▶ [DATA EXCERPT]
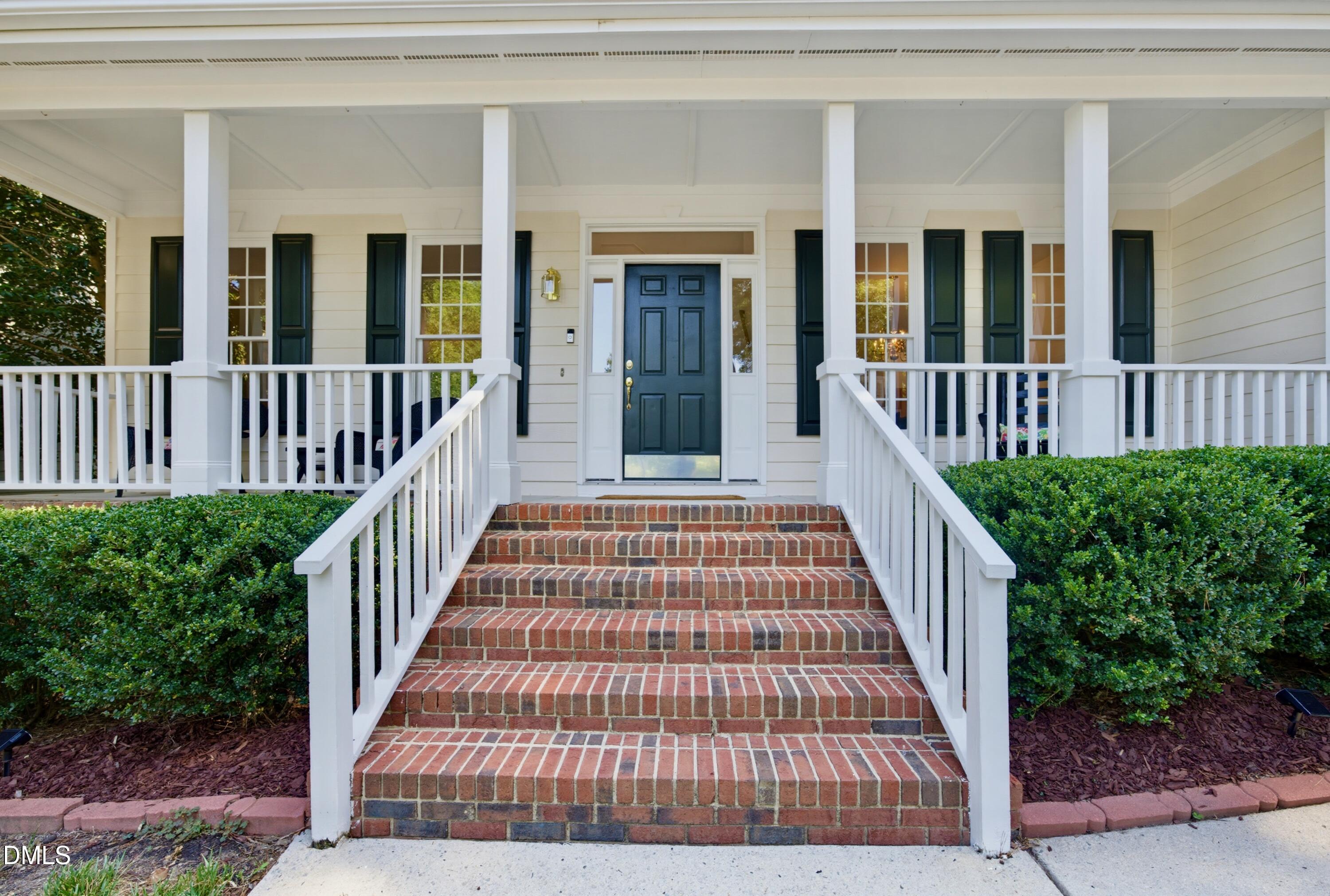 226 Castle Hayne Drive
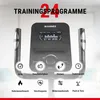 HAMMER Ellipsentrainer SpeedMotion II, 24 Programme, Produktbild-Vorschau 23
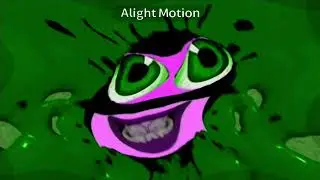 4 New Effects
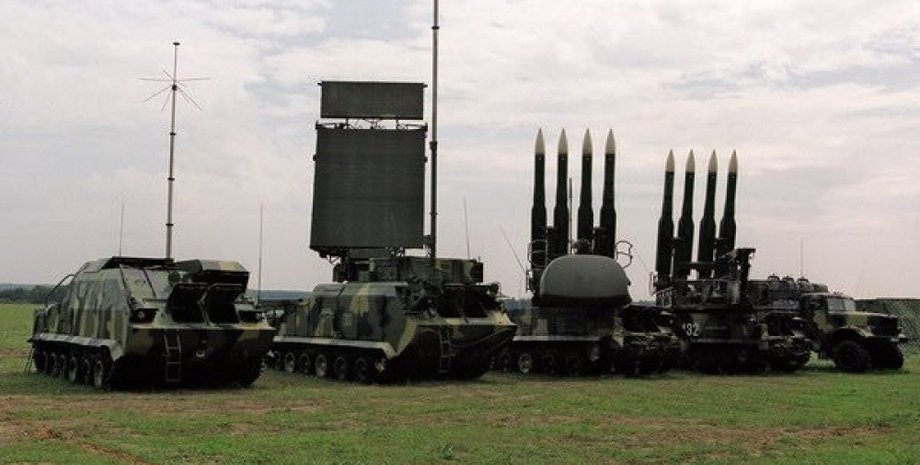 Фото: facebook.com/kpszsu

▶ [YOUR OBJECTIVE] Images are to be left out; everything else in the material must be written out exactly.

▶ [RESPONSE]
 226 Castle Hayne Drive
 HAMMER Ellipsentrainer SpeedMotion II, 24 Programme, Produktbild-Vorschau 23
 4 New Effects
 Фото: facebook.com/kpszsu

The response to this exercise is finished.